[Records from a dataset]
########################################
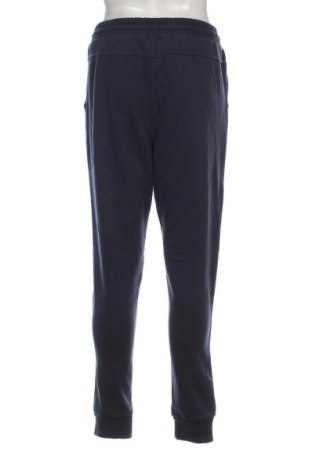 Herren Sporthose Hema, Größe L, Farbe Blau, Preis € 20,49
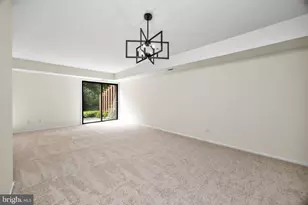 1602 Worthington Dr, Exton, PA 19341 - Photo 18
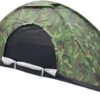 Sutekus Camping Tent Lightweight Backpacking Tent Camouflage Outdoor Equipment For.jpg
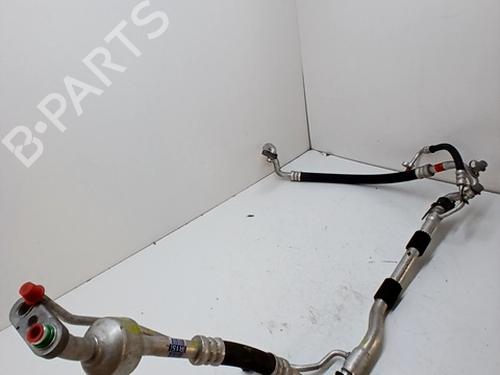 AC pipe KIA CARENS IV 1.6 GDi | BP29499533M126 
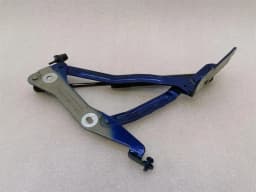 FORD FORD MUSTANG MK6 S550 BONNET HINGE LHS FR3B-6342701-AD Bonnet Hinge Left — thumbnail 5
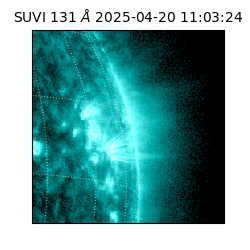 suvi - 2025-04-20T11:03:24.144000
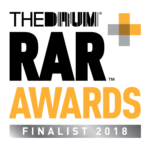 RAR Awards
########################################
#### WHAT IS NEEDED
Each record above is to be copied out exactly; its pictures are not.

#### SOLUTION FOR THIS PROBLEM
 Herren Sporthose Hema, Größe L, Farbe Blau, Preis € 20,49
 1602 Worthington Dr, Exton, PA 19341 - Photo 18
 Sutekus Camping Tent Lightweight Backpacking Tent Camouflage Outdoor Equipment For.jpg
 AC pipe KIA CARENS IV 1.6 GDi | BP29499533M126 
 FORD FORD MUSTANG MK6 S550 BONNET HINGE LHS FR3B-6342701-AD Bonnet Hinge Left — thumbnail 5
 suvi - 2025-04-20T11:03:24.144000
 RAR Awards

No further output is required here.